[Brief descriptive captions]
###

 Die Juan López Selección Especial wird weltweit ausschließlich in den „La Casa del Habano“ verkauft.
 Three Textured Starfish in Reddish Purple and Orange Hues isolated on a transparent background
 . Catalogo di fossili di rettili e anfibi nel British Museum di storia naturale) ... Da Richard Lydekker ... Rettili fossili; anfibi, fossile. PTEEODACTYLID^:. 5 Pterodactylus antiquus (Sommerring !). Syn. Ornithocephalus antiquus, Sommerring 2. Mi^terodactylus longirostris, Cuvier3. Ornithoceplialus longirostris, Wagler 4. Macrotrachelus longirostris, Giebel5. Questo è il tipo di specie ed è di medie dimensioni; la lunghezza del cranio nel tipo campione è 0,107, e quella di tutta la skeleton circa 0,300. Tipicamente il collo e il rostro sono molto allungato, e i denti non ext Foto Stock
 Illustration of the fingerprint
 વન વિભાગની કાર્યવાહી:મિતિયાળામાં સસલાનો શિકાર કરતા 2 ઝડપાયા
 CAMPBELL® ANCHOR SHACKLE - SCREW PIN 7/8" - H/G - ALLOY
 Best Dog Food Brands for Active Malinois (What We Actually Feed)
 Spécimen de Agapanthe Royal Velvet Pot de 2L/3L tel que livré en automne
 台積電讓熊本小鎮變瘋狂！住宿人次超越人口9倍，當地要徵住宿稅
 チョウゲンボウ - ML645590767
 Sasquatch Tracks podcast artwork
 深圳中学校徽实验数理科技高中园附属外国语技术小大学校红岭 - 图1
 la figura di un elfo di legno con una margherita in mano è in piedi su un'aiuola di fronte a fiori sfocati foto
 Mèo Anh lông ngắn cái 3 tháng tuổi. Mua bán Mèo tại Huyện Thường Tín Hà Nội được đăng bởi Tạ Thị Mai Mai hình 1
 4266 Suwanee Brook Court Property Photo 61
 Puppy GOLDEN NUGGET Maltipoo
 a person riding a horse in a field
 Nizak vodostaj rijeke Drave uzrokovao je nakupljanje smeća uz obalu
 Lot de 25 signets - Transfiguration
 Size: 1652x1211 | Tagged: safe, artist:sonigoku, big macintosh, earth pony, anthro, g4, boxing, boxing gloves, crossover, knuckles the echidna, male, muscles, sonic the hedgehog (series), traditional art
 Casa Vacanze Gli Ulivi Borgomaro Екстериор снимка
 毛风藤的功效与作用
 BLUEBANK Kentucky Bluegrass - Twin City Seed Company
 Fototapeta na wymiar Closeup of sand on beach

###

▶ [WORK TO BE COMPLETED]: Of all the entries above, repeat only the lines from the line that has "Size: 1652x1211 |" to the line that has "BLUEBANK Kentucky Bluegrass", both lines included, exactly.

▶ [WRITTEN SOLUTION]:
 Size: 1652x1211 | Tagged: safe, artist:sonigoku, big macintosh, earth pony, anthro, g4, boxing, boxing gloves, crossover, knuckles the echidna, male, muscles, sonic the hedgehog (series), traditional art
 Casa Vacanze Gli Ulivi Borgomaro Екстериор снимка
 毛风藤的功效与作用
 BLUEBANK Kentucky Bluegrass - Twin City Seed Company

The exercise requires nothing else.